I am trying to learn Spark GraphX on Windows 10 by replicating the code here. The code is developed using an older version of Spark and I'm not able to find a solution to create a vertex. The following is the code
import scala.util.MurmurHash
import org.apache.spark._
import org.apache.spark.graphx._
import org.apache.spark.rdd.RDD
val path = "F:/Soft/spark/2008.csv"
val df_1 = spark.read.option("header", true).csv(path)
val flightsFromTo = df_1.select($"Origin",$"Dest")
val airportCodes = df_1.select($"Origin", $"Dest").flatMap(x => Iterable(x(0).toString, x(1).toString))
// error caused by the following line
val airportVertices: RDD[(VertexId, String)] = airportCodes.distinct().map(x => (MurmurHash.stringHash(x), x))

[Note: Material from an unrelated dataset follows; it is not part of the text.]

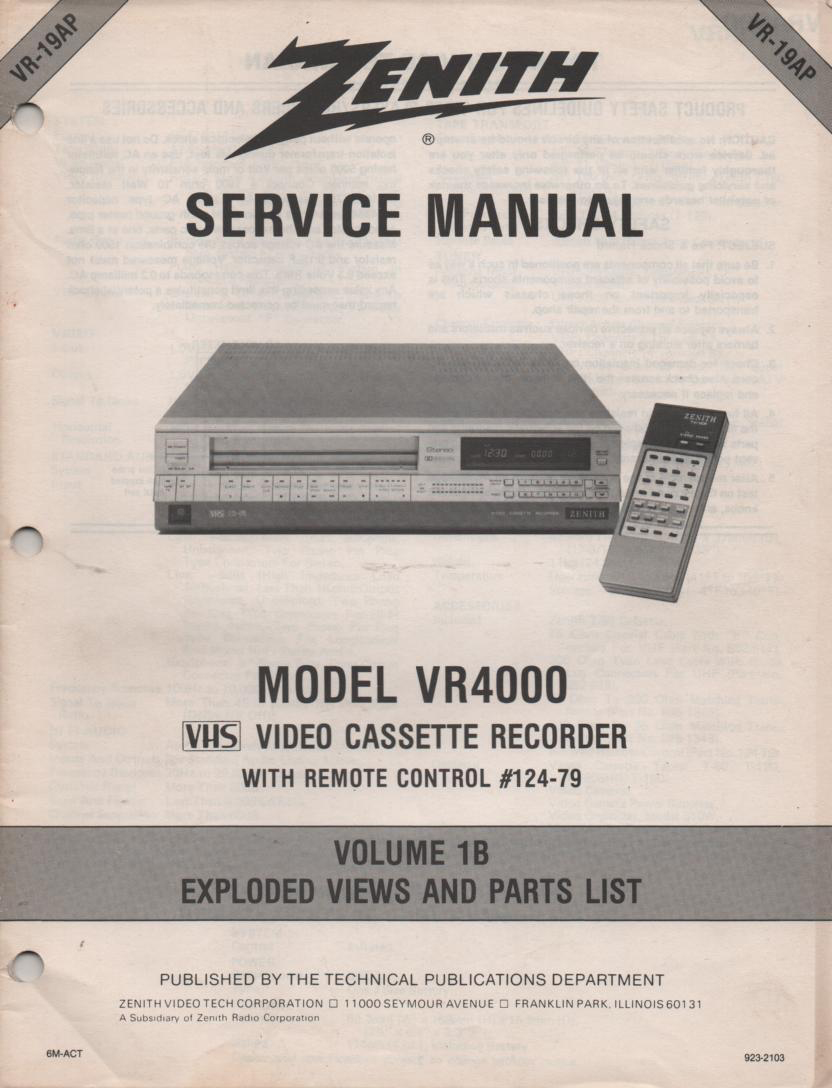 VR4000 VCR Exploded Views and Parts Service Manual VR19AP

The following is the error message:
<console>:57: error: missing parameter type
val airportVertices: RDD[(VertexId, String)] = airportCodes.distinct().map(x => (MurmurHash.stringHash(x), x))
^
I think the syntax is obsolete and I tried to find the latest syntax on official documents but it was of no help. The data set can be downloaded from here.
UPDATE:
Basically, I'm trying to create a Vertex and Edge, to finally create a graph as shown in the tutorial. I'm also new to the Map-Reduce paradigm.